I saw a guy the other day wearing a t-shirt that read, "Guns don't kill people, people kill people." Often the same holds true for PowerPoint presentations. "PowerPoint doesn't kill presentations, people kill presentations."
It's easy to point the finger at PowerPoint for making office meetings unsuccessful and eLearning lessons a snore, but the truth is that poor design is really to blame.
The good news is that you don't have to be a seasoned designer to produce beautiful and effective presentations. Here are a couple of tips to get you started.
Steer Clear of Bullets, Old-School Clip Art, and Backgrounds and Animation Effects
There are certainly occasions when maybe a bullet really is the most successful way to convey an idea. However, just because PowerPoint defaults to using a bulleted format doesn't mean that you should go with the flow and present all your information with a bullet in front of it.
Try splitting the bullets up into separate slides with a single image to illustrate each point or forego the text altogether and replace it with a chart, diagram, or other informative image.
It is not necessary to have every bit of information you cover on the slide. Encourage your audience to listen; and, if necessary, take notes based on what you say, not what is on the slide.

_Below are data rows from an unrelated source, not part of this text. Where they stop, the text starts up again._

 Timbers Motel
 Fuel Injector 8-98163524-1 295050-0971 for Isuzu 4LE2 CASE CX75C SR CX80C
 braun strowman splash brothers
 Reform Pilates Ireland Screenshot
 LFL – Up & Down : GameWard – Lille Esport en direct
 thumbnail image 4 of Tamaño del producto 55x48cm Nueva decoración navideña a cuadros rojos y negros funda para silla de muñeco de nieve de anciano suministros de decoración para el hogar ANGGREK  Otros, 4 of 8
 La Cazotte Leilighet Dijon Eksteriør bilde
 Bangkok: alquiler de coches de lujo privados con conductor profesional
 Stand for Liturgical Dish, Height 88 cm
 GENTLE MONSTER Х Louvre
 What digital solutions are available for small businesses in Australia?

If the bullets were more for you than for your audience, put the bullets in the PowerPoint notes section so that only you can see them.

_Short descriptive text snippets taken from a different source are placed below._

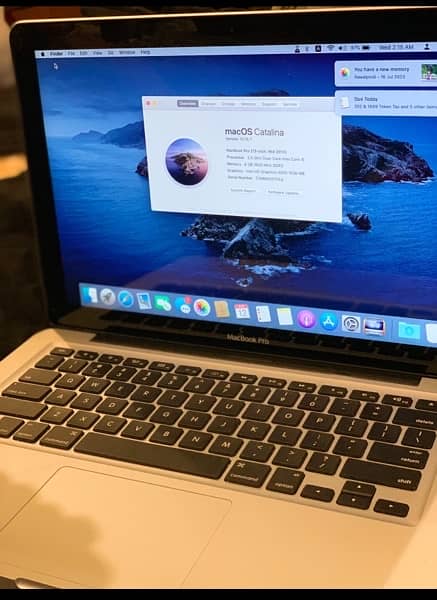 Apple MacBook Pro Core i5 4GB Ram 500GB SataHD 2012 A-Grade 13” Laptop 8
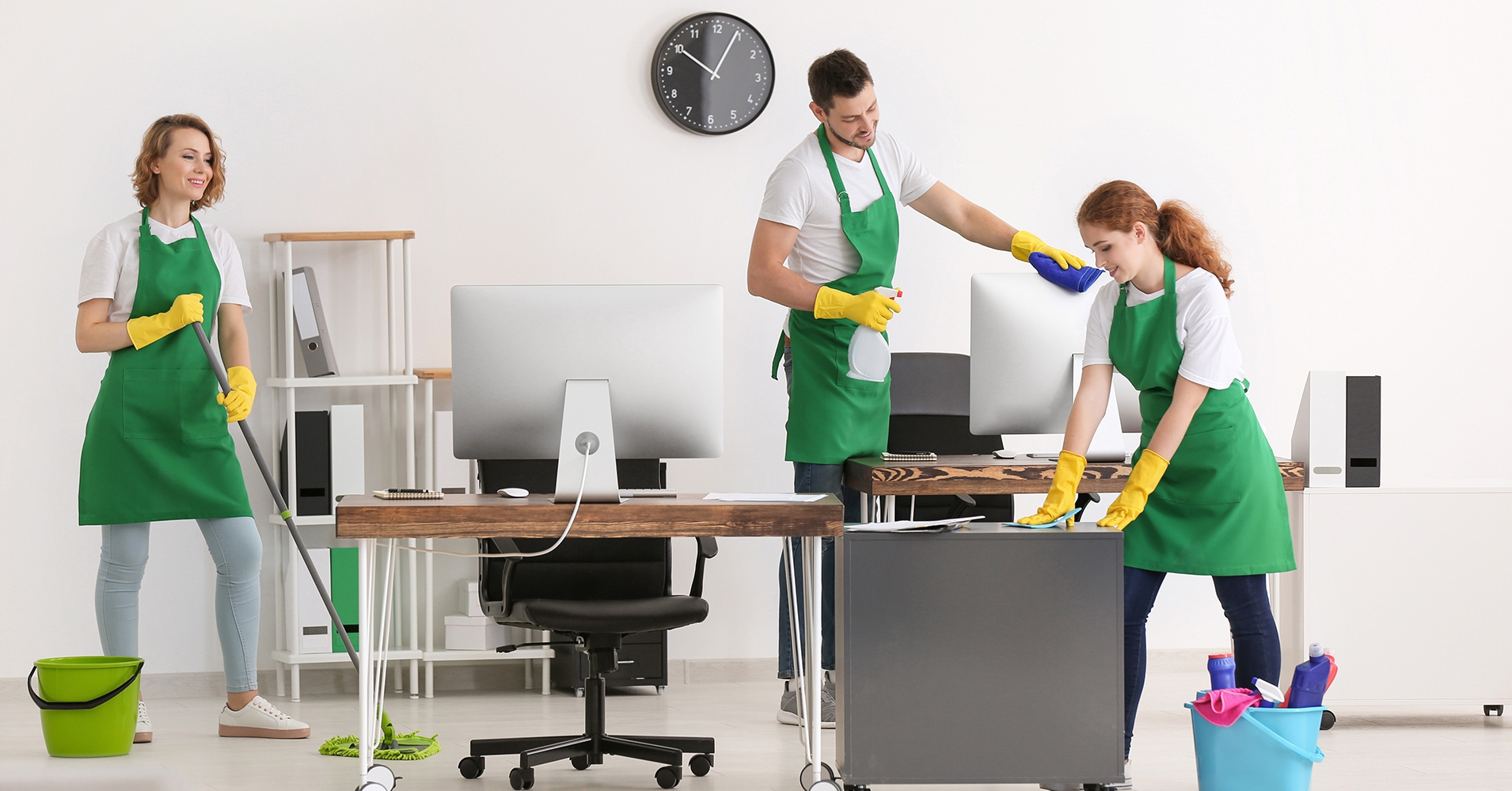 Bekilli Ofis Temizliği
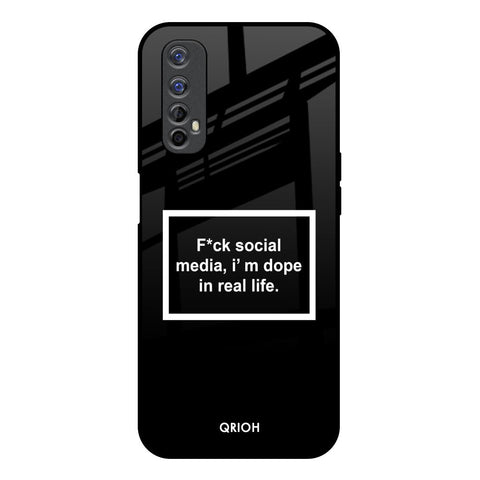 Dope In Life Glossy Case for Realme Narzo 20 Pro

Nothing says "High School Presentation Circa 1997" quite like a dancing animated image clumsily plopped on a rainbow gradient background with a big, garish WordArt title (complete with myriad animation effects).
Keep in mind that PowerPoint presentations are plentiful--particularly bad ones. Trust me, your audience will not be impressed with how many moving, colorful parts each slide contains.
Consider taking more of a photographic approach to the images you use. PowerPoint comes pre-loaded with photograph clip art images you can use. If you find the selection isn't enough to suit your needs, try looking online for stock photos. There are many free sites, but keep in mind that to save time and frustration (and improve on the selection and quality) you might want to set aside a budget to pay for images. A useful list of stock photo sites can be found here.
Use Full Bleed Pictures
If you want to really make a statement with your image, resist the temptation to slap it on a slide alongside your text. Instead simplify it by using one pertinent full-bleed image on the slide in conjunction with a very small blurb of text (or no text at all).
Be sure the image you use is high enough resolution so as not to pixelate (blur) and consider using text with enough contrast to be visible on your image.